Provided material:
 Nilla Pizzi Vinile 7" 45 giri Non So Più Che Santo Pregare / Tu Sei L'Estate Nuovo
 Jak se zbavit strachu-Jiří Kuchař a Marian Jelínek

---

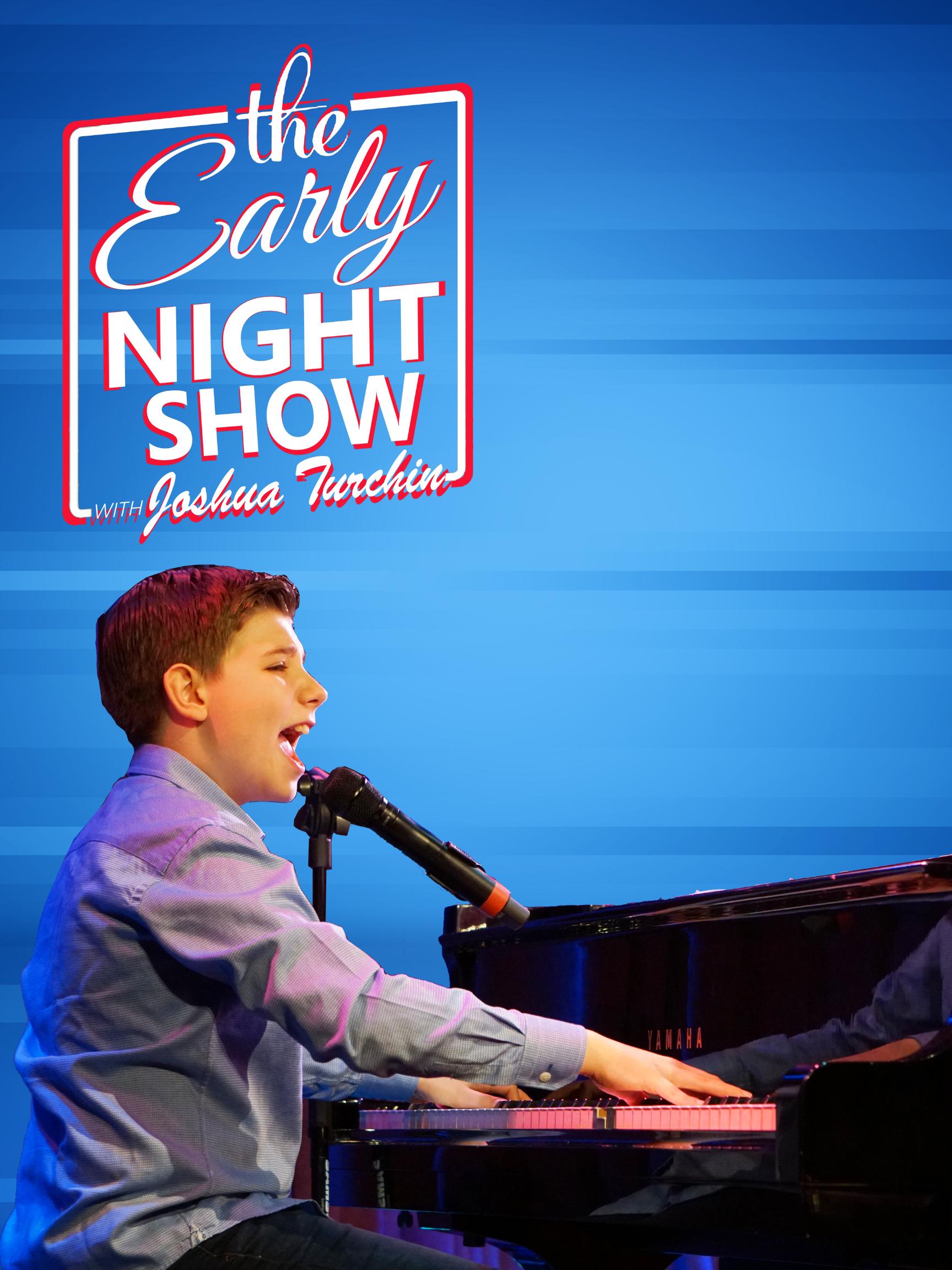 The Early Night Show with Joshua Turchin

---

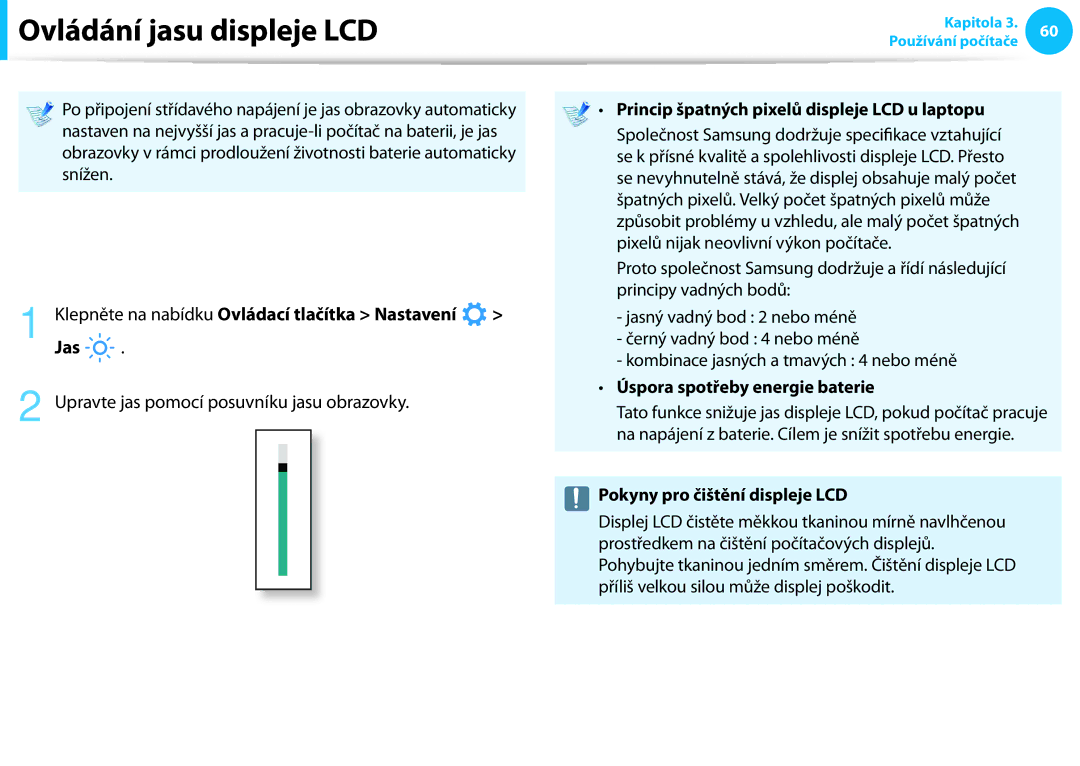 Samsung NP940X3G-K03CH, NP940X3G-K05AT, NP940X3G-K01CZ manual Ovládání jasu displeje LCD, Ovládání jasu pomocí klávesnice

Exercise prompt:
Output the lines above between the one holding "Nilla Pizzi Vinile" and the one holding "Jak se zbavit", inclusive, with nothing before or after them.

Response box:
 Nilla Pizzi Vinile 7" 45 giri Non So Più Che Santo Pregare / Tu Sei L'Estate Nuovo
 Jak se zbavit strachu-Jiří Kuchař a Marian Jelínek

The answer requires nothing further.